(Excerpts from a dataset)
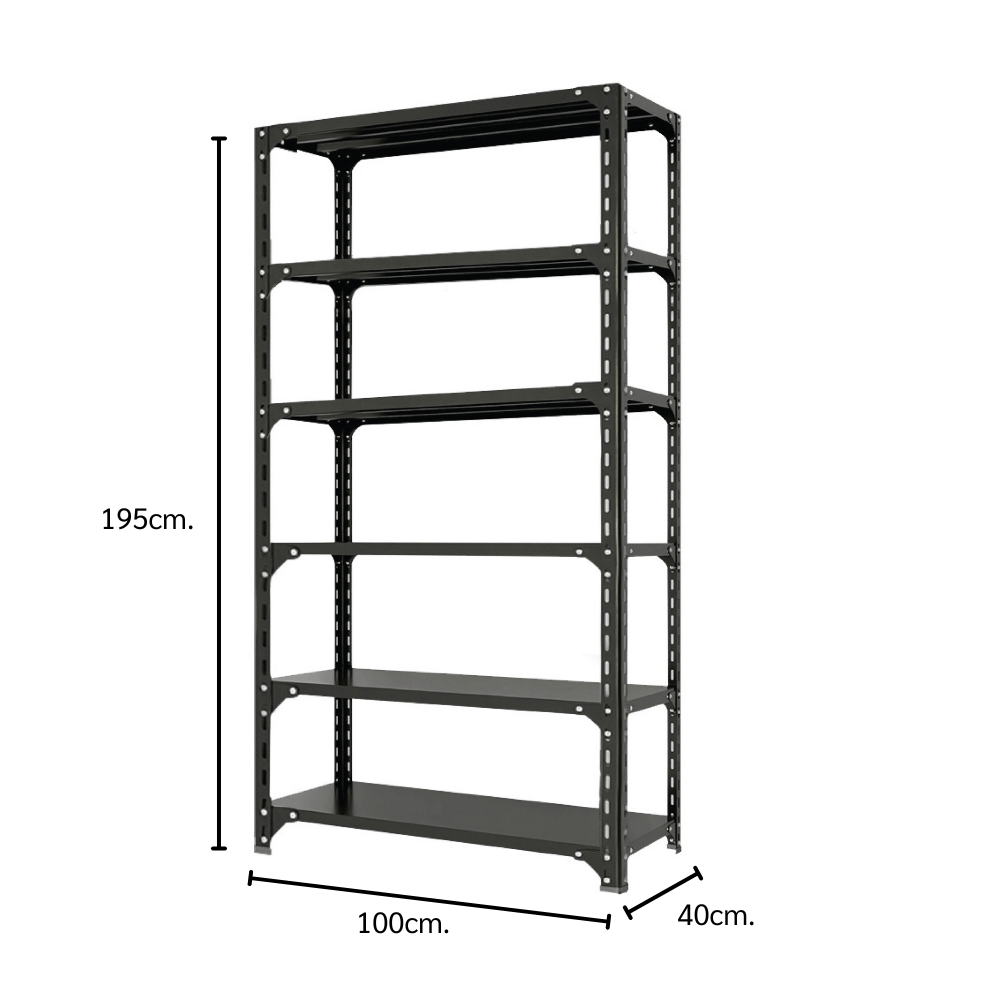 ชั้นวางของโล่ง 6 ชั้น ELIFE 195X100X40 สีดำ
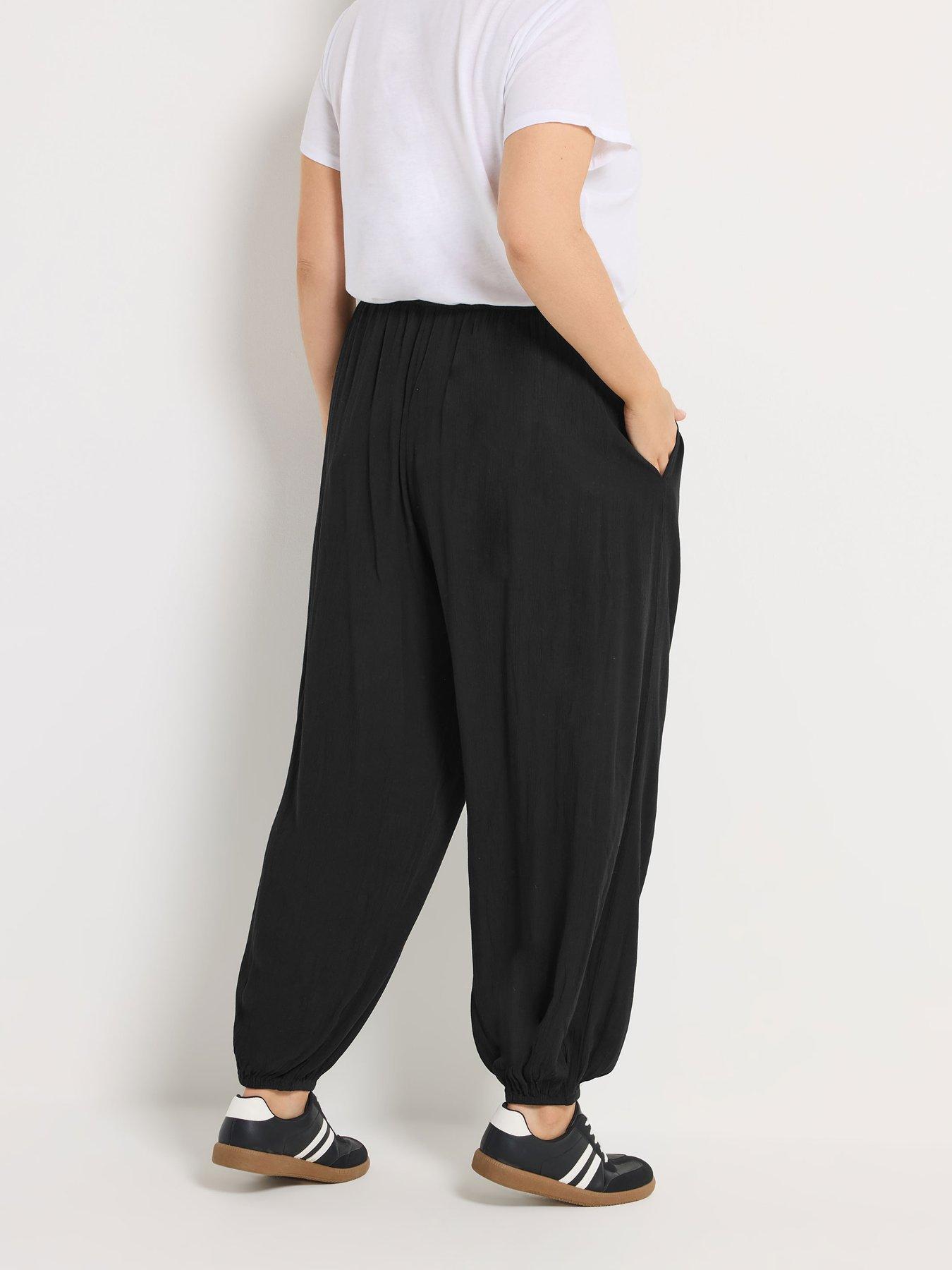 Image 2 of 5 of Yours Curve Woven Cuffed Balloon Trousers - Black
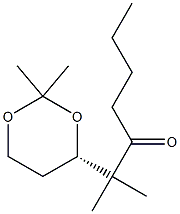 (S)-2-(2,2-dimethyl-1,3-dioxan-4-yl)-2-methylheptan-3-one 化学構造式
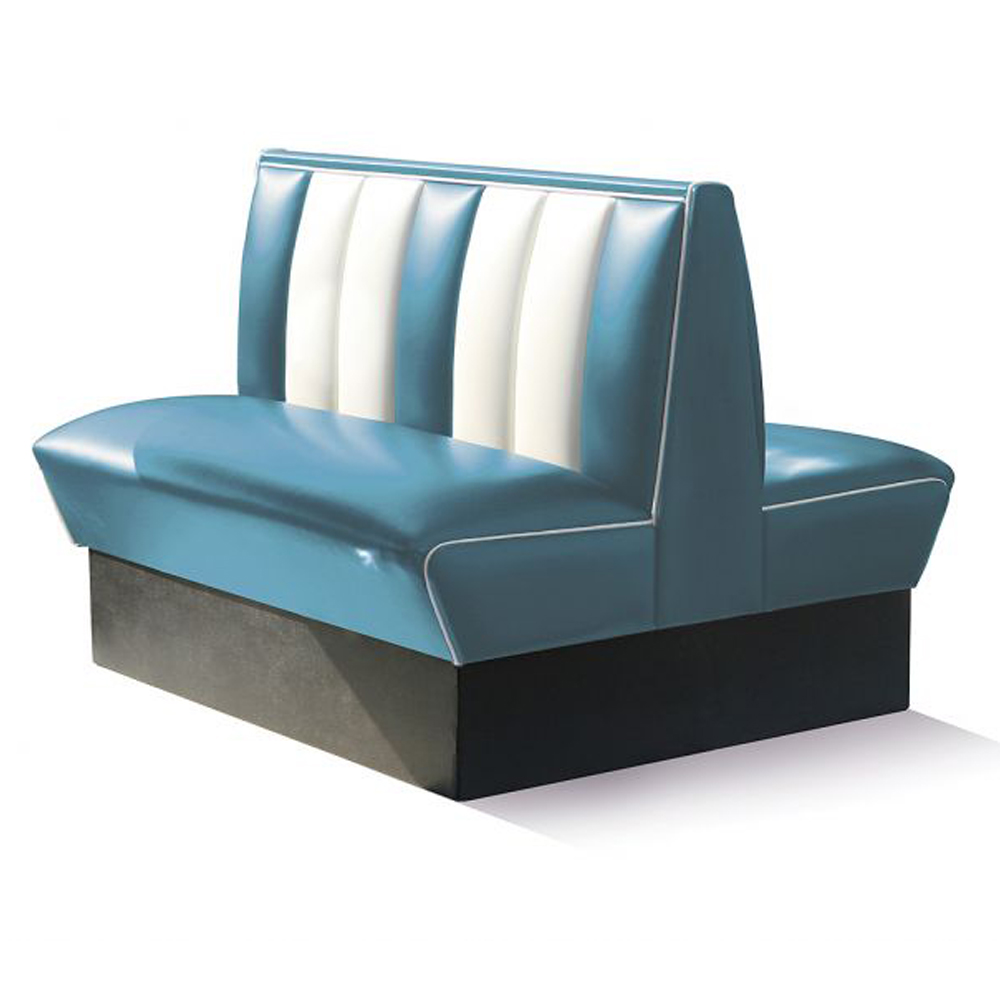 1950s american retro diner booth M-8535,Back to back turquoise color american retro booth sofa seating, black footer with wood frame doubleside 4 seat american booth seating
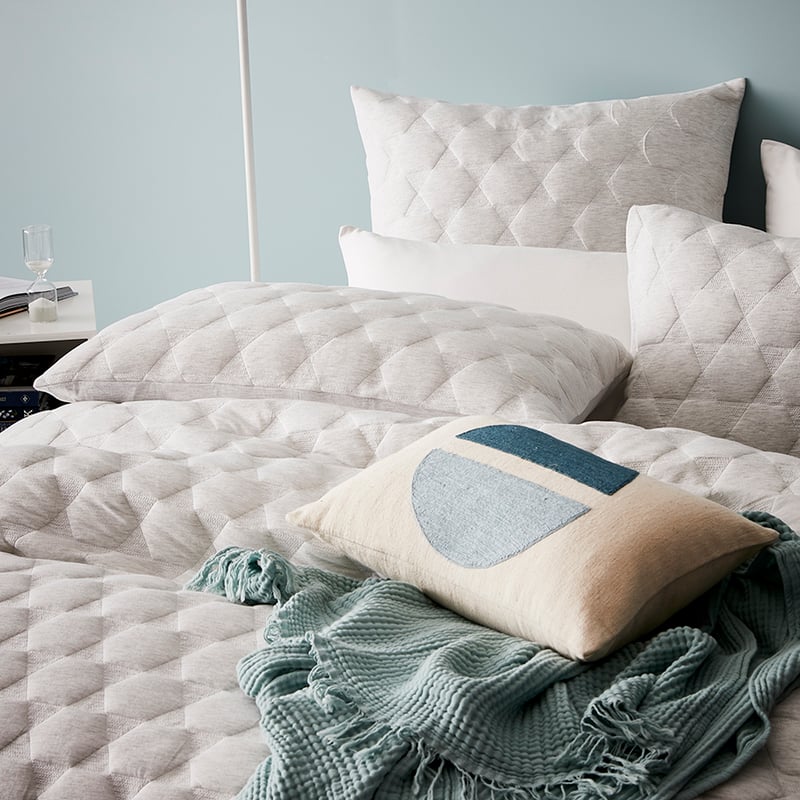 Cordon Quilted Jersey Quilt Cover Cloud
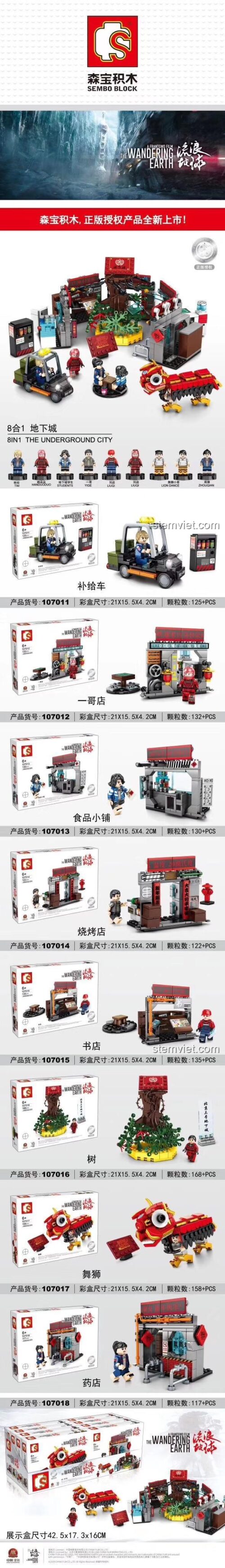 Poster giới thiệu đồ chơi xếp hình SEMBO 107011 chủ đề Cảnh phim The Wandering Earth với 8 mô hình riêng lẻ.
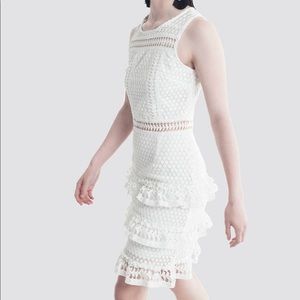 White Lace Ruffle Dress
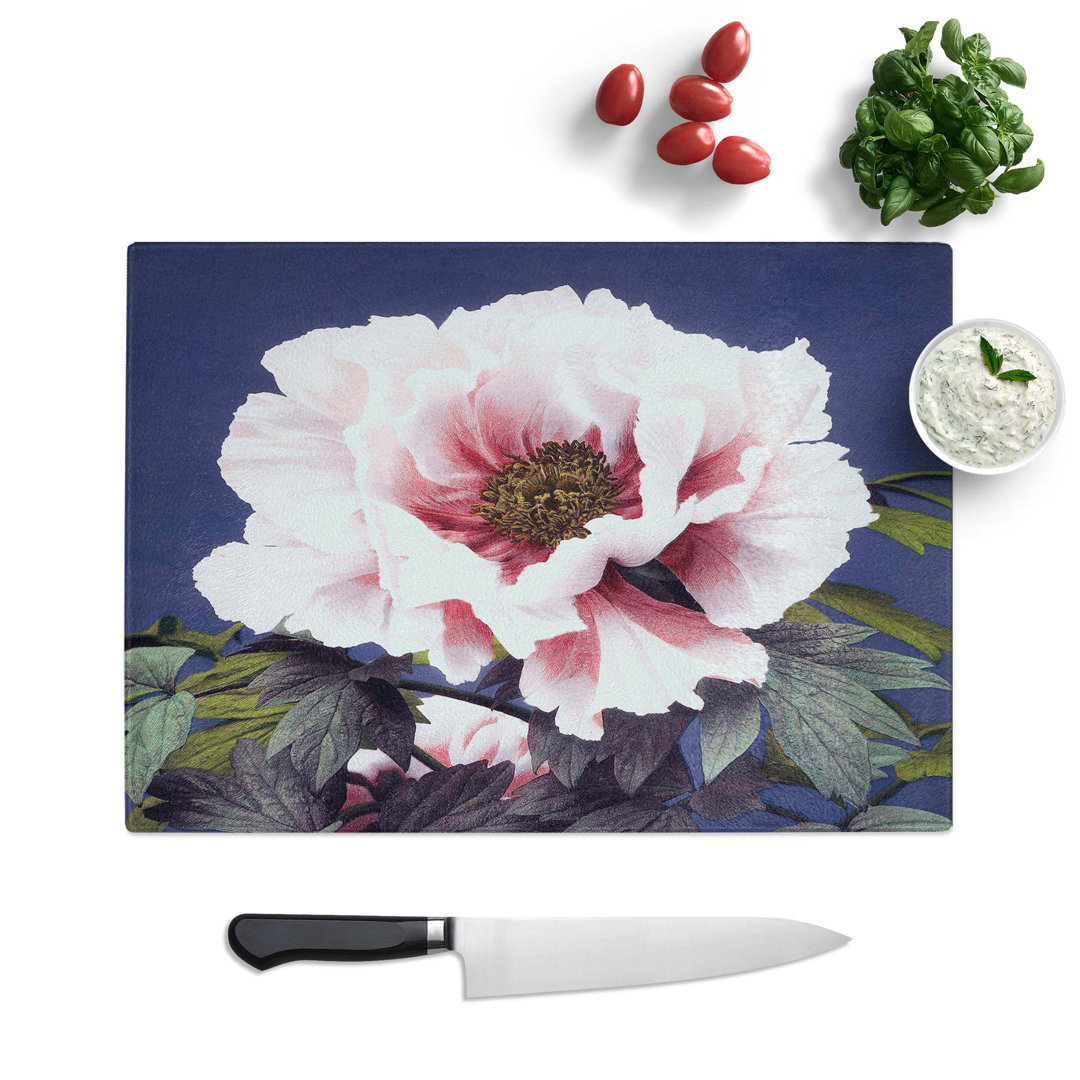Tempered Glass Peony by Ogawa Kazumasa Chopping Board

§ **TASK ITEM**:
Exactly as written, please copy out the whole set of records, skipping images.

§ **ANSWER TO THIS EXERCISE**:
 ชั้นวางของโล่ง 6 ชั้น ELIFE 195X100X40 สีดำ
 Image 2 of 5 of Yours Curve Woven Cuffed Balloon Trousers - Black
 (S)-2-(2,2-dimethyl-1,3-dioxan-4-yl)-2-methylheptan-3-one 化学構造式
 1950s american retro diner booth M-8535,Back to back turquoise color american retro booth sofa seating, black footer with wood frame doubleside 4 seat american booth seating
 Cordon Quilted Jersey Quilt Cover Cloud
 Poster giới thiệu đồ chơi xếp hình SEMBO 107011 chủ đề Cảnh phim The Wandering Earth với 8 mô hình riêng lẻ.
 White Lace Ruffle Dress
Tempered Glass Peony by Ogawa Kazumasa Chopping Board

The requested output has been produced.